[[ Records provided open ]]
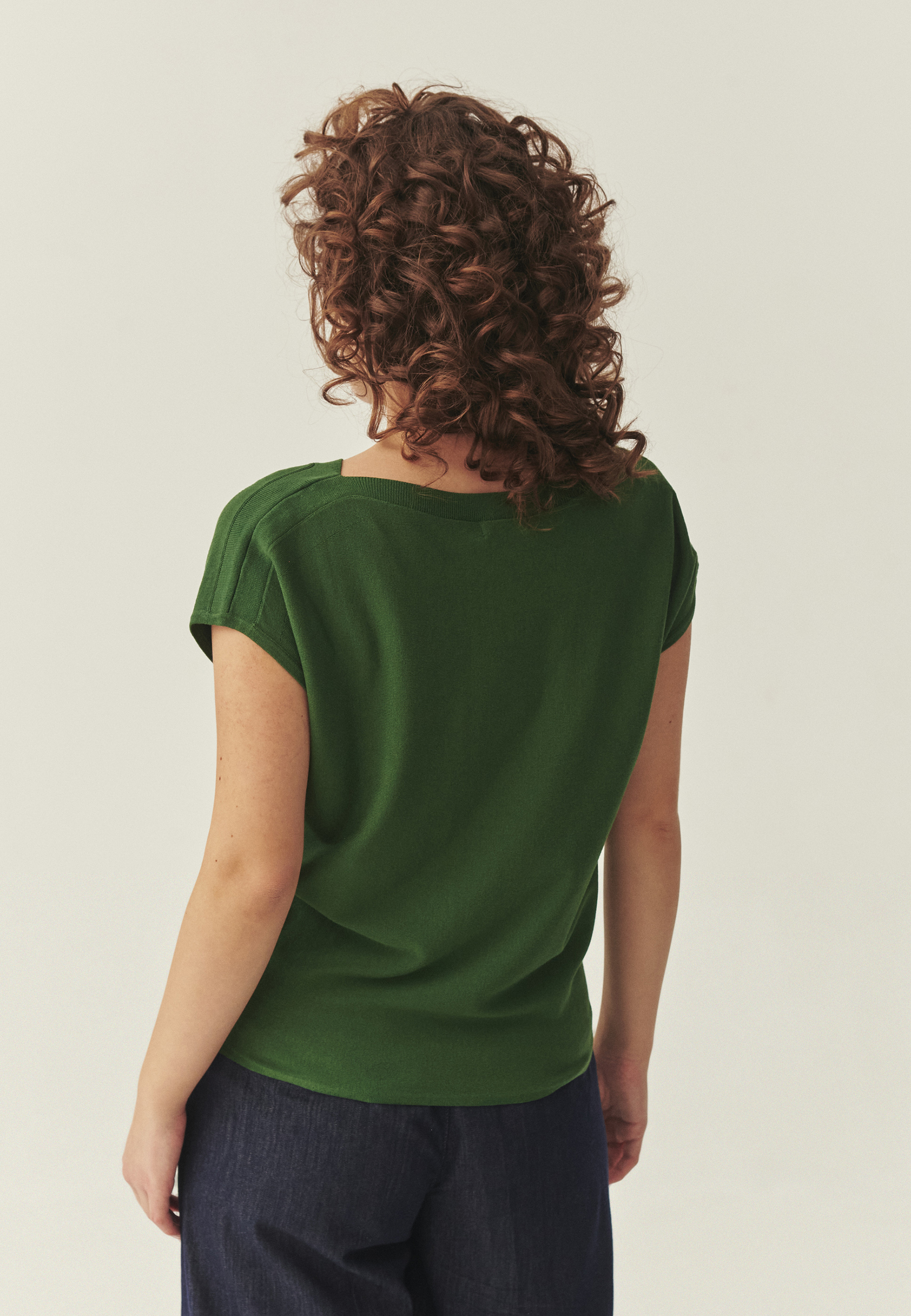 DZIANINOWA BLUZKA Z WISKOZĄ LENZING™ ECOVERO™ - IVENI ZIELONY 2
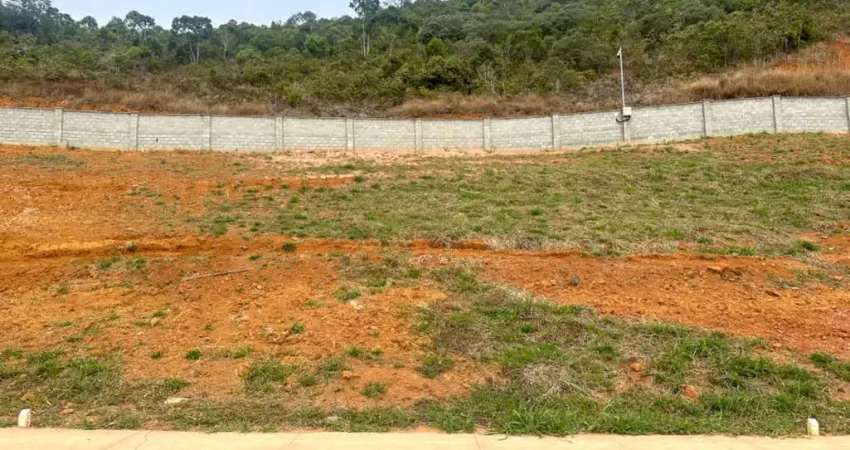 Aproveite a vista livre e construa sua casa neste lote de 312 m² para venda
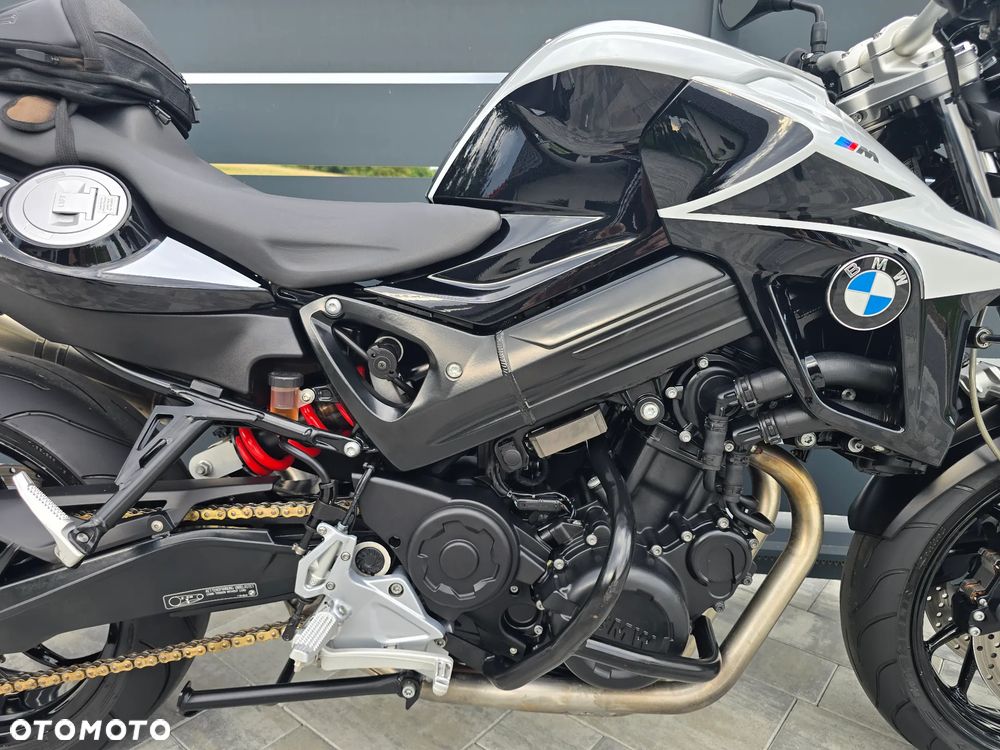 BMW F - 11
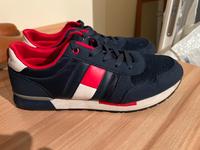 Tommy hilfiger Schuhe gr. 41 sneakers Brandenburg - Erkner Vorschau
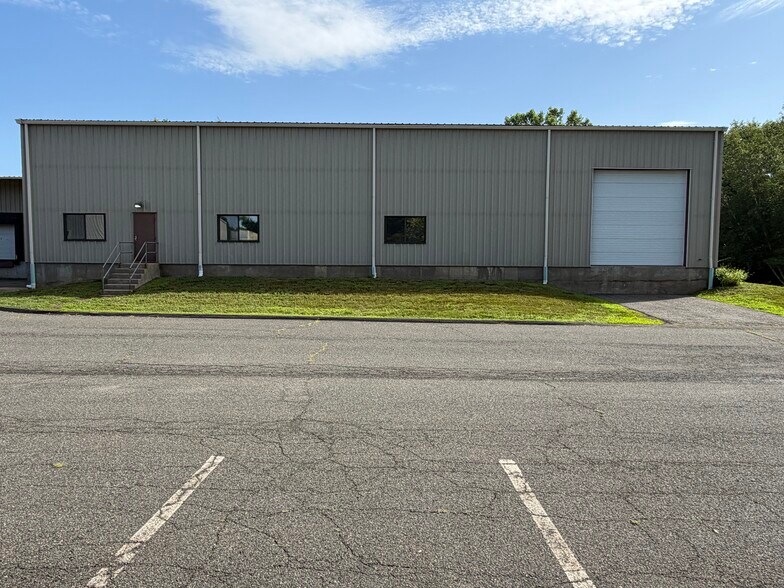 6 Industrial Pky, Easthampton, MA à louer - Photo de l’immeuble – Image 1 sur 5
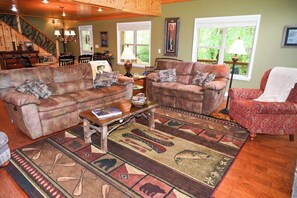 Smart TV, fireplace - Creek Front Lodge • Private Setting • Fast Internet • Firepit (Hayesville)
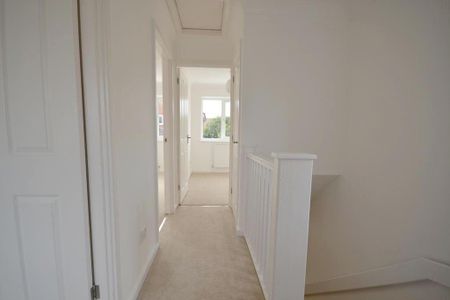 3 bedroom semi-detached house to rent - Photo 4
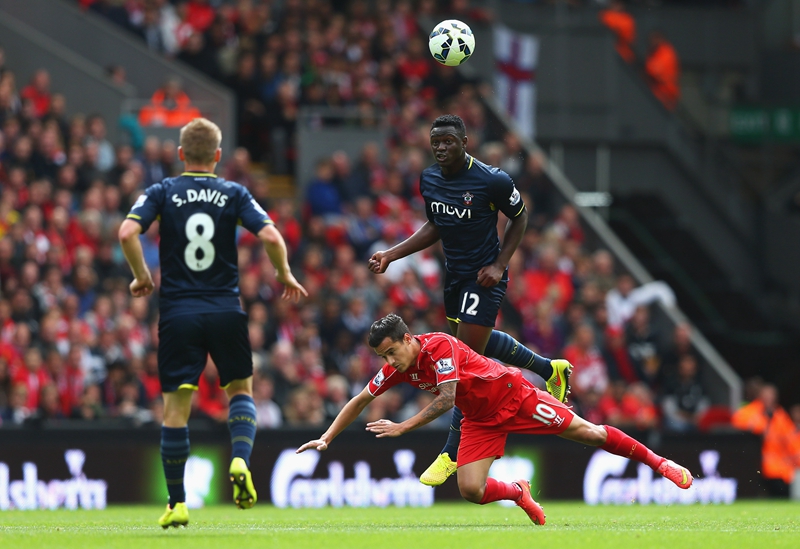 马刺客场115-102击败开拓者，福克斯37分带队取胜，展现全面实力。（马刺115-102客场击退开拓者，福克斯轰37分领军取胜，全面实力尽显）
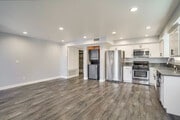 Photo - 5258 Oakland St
[[ Records provided closed ]]
[[ Records provided open ]]
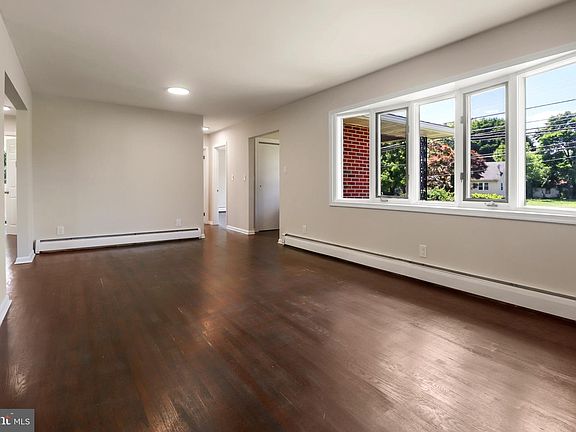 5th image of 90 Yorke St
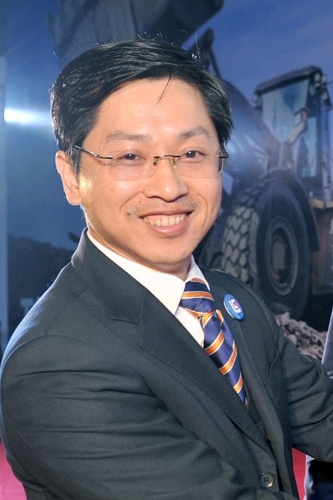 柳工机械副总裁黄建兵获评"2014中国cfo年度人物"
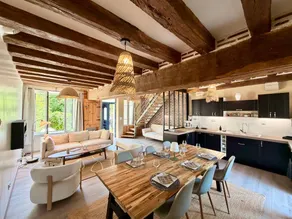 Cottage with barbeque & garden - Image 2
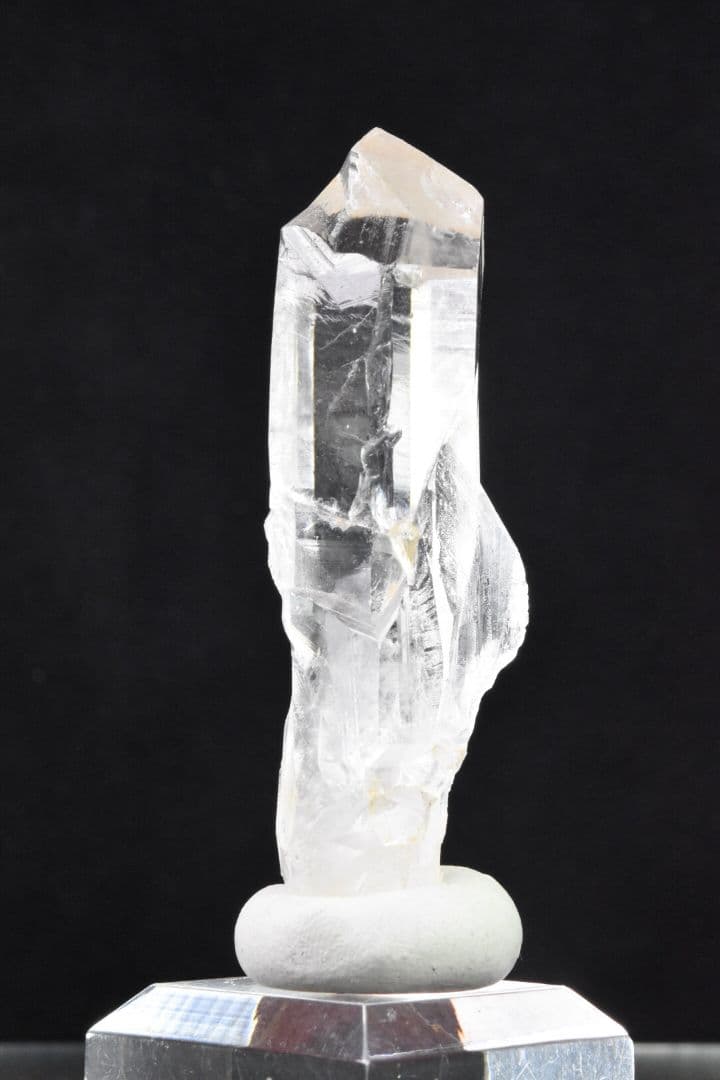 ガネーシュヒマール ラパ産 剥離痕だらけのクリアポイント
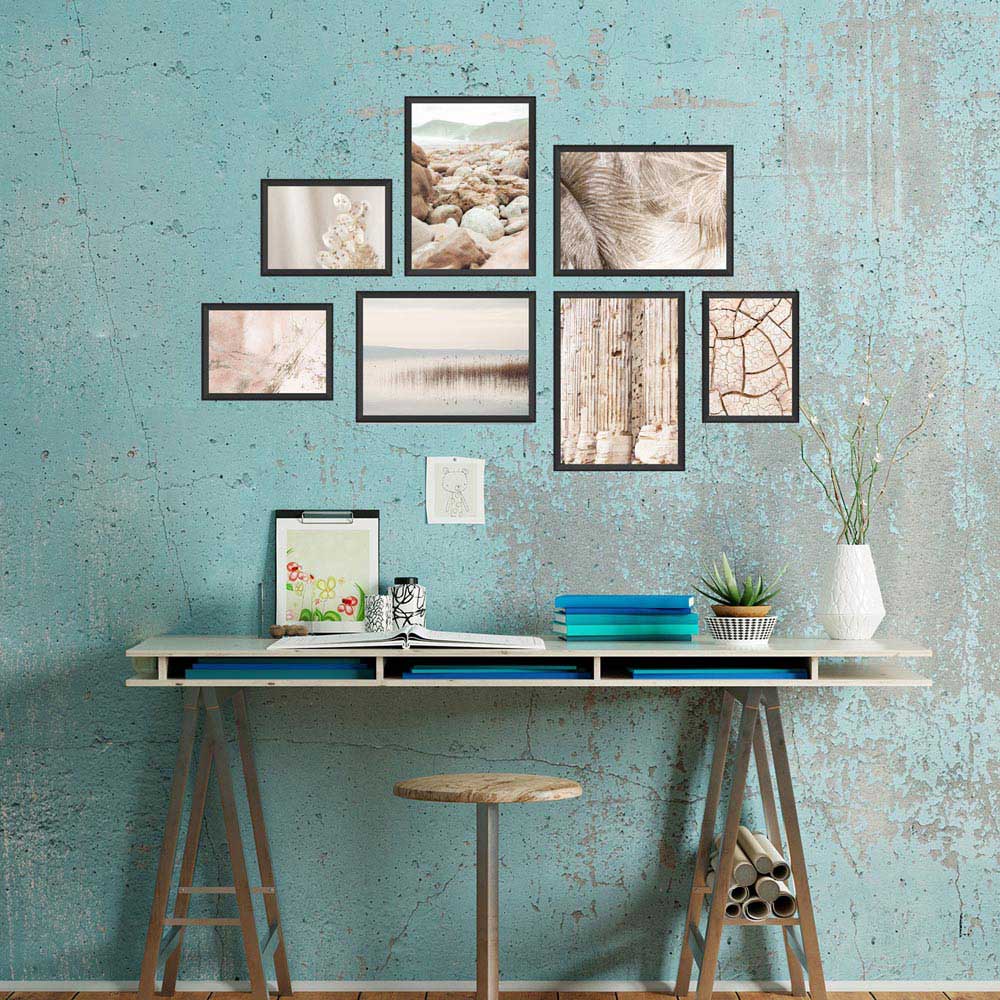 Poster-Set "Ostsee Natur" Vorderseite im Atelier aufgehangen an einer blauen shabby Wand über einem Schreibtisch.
[[ Records provided closed ]]
Exercise instructions =>
Starting at the line with "DZIANINOWA BLUZKA Z" and finishing at the line with "Tommy hilfiger Schuhe", copy the material above exactly, both lines included. Nothing else goes in, and no pictures.

Exercise output =>
 DZIANINOWA BLUZKA Z WISKOZĄ LENZING™ ECOVERO™ - IVENI ZIELONY 2
 Aproveite a vista livre e construa sua casa neste lote de 312 m² para venda
 BMW F - 11
 Tommy hilfiger Schuhe gr. 41 sneakers Brandenburg - Erkner Vorschau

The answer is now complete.